### Input material

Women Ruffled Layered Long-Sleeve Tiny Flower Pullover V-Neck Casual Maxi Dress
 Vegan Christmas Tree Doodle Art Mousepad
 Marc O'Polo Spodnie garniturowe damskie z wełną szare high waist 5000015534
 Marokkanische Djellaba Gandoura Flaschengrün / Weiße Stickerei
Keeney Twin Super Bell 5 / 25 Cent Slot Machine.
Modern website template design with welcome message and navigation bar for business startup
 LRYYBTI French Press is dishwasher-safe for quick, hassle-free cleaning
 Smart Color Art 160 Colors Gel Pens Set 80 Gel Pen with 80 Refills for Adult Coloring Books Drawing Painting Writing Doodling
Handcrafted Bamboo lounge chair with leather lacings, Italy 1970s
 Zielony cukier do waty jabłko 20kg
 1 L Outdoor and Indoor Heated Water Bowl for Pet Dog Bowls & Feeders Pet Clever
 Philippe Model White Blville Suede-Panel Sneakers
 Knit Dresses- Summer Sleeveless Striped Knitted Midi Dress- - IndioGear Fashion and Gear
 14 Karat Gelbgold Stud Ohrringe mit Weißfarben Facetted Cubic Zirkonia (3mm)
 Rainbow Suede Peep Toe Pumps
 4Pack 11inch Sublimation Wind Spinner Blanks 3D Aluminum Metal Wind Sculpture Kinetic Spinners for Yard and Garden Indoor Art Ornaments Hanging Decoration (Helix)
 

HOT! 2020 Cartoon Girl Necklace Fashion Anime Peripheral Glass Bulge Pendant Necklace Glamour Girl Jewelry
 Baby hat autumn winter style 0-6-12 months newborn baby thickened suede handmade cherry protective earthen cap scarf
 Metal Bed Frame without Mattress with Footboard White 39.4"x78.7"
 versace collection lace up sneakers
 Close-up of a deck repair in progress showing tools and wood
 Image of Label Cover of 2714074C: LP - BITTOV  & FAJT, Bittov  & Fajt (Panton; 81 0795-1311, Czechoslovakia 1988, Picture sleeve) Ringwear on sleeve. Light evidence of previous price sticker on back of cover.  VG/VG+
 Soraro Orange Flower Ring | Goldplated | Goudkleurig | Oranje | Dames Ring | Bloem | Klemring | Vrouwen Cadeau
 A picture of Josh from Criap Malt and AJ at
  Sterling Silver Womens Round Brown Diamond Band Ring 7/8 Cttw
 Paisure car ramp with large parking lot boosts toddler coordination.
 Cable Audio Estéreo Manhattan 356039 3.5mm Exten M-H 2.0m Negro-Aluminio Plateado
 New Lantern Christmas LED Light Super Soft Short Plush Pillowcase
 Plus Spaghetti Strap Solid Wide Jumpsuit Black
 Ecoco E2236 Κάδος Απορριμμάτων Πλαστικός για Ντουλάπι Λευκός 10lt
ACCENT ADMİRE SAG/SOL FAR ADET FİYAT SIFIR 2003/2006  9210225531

### Work required
From the line that contains "Rainbow Suede Peep Toe Pumps" through the last line of the listing, every line is to be restated word for word, both ends included.

### Problem solution
 Rainbow Suede Peep Toe Pumps
 4Pack 11inch Sublimation Wind Spinner Blanks 3D Aluminum Metal Wind Sculpture Kinetic Spinners for Yard and Garden Indoor Art Ornaments Hanging Decoration (Helix)
 

HOT! 2020 Cartoon Girl Necklace Fashion Anime Peripheral Glass Bulge Pendant Necklace Glamour Girl Jewelry
 Baby hat autumn winter style 0-6-12 months newborn baby thickened suede handmade cherry protective earthen cap scarf
 Metal Bed Frame without Mattress with Footboard White 39.4"x78.7"
 versace collection lace up sneakers
 Close-up of a deck repair in progress showing tools and wood
 Image of Label Cover of 2714074C: LP - BITTOV  & FAJT, Bittov  & Fajt (Panton; 81 0795-1311, Czechoslovakia 1988, Picture sleeve) Ringwear on sleeve. Light evidence of previous price sticker on back of cover.  VG/VG+
 Soraro Orange Flower Ring | Goldplated | Goudkleurig | Oranje | Dames Ring | Bloem | Klemring | Vrouwen Cadeau
 A picture of Josh from Criap Malt and AJ at
  Sterling Silver Womens Round Brown Diamond Band Ring 7/8 Cttw
 Paisure car ramp with large parking lot boosts toddler coordination.
 Cable Audio Estéreo Manhattan 356039 3.5mm Exten M-H 2.0m Negro-Aluminio Plateado
 New Lantern Christmas LED Light Super Soft Short Plush Pillowcase
 Plus Spaghetti Strap Solid Wide Jumpsuit Black
 Ecoco E2236 Κάδος Απορριμμάτων Πλαστικός για Ντουλάπι Λευκός 10lt
ACCENT ADMİRE SAG/SOL FAR ADET FİYAT SIFIR 2003/2006  9210225531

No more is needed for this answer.